# TP03. Confidence Intervals & Hypothesis Tests

#### enseignant: Anastasios Giovanidis 2021 - 2022
#### date: 29 September 2021

#### student name or binome:

This is the TP related to 03. Confidence Intervals & Hypothesis Tests. 

We need to import the following libraries:

In [1]:
import matplotlib.pyplot as plt
import numpy as np
from scipy.stats import norm
import random

## Exercise 1 (interval)

We wish to measure a quantity $\theta$, but there is a random error in each measurement (noise). 

Then, measurement $i$ is

$X_i = \theta+W_i$,

$W_i$ being the error in the $i$-th measurement. All $W_i$s are i.i.d.

Preliminaries: GENERATE $n$ measurements $(X_1,\ldots, X_n)$ and report the average of the measurements $\overline{X}$ as the estimated value of $\theta$. To do so,
- The $W_i$s are drawn from $Normal(0,\sigma^2)$ with **known** standard deviation $\sigma=4$.
- The **unknown** parameter $\theta=1$.

**Questions**

   a) Given a sample-set of size $n=10$, provide the confidence interval for $\theta$, with confidence $\alpha=90\%$. 
      
   b) Draw $T=2,000$ times, new sets of size $n=10$ each, find new intervals for each $t$, and mark with $+1$ if the unknown parameter $\theta=1$ falls inside the new confidence interval calculated, otherwise $0$. What is the percentage that it falls inside the estimated interval?
   
   c) After having written the code, repeat (a)-(b) for unknown variance, using the sample standard deviation and approximate confidence intervals. What do you observe? Why?

**Answers**

In [1]:
#Hint: you will need X.mean(), X.var(), norm.ppf(1-a/2)

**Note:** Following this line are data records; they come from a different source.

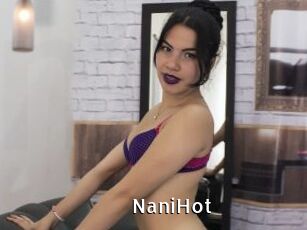 NaniHot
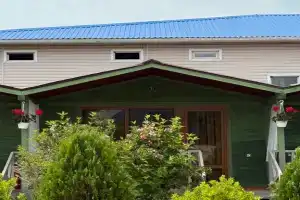 "Mimi" Guest house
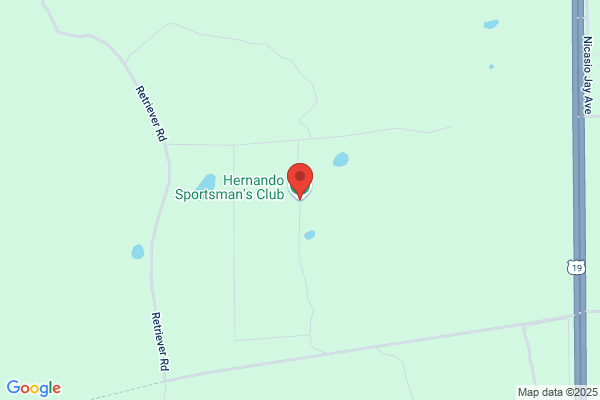 Hernando Sportsman's Club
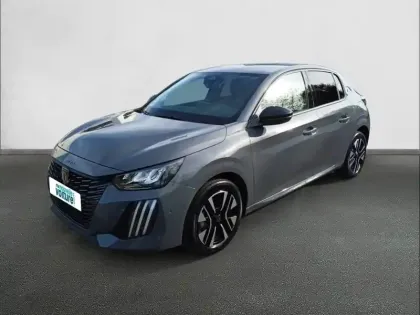 Photo Peugeot 208 Allure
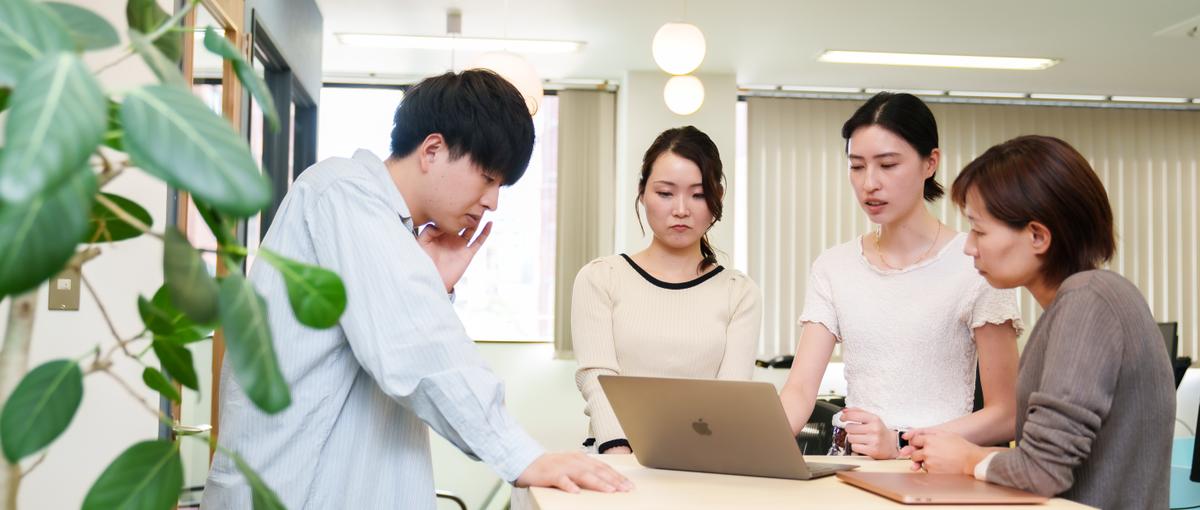 福岡｜得意を仕事に！デザインに自信のある学生さん募集！！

## Exercise 2 (hypothesis test)*

We will study in more detail the Neyman-Pearson Test, which leads to the Likelihood Ratio Test (LRT) we saw during the course. It can be shown that this test has the following property:

**Theory:** The LRT minimises Type II error, under the requirement that Type I error is bounded by: $\alpha\leq2^{-\lambda n}$ for a given $\lambda>0$.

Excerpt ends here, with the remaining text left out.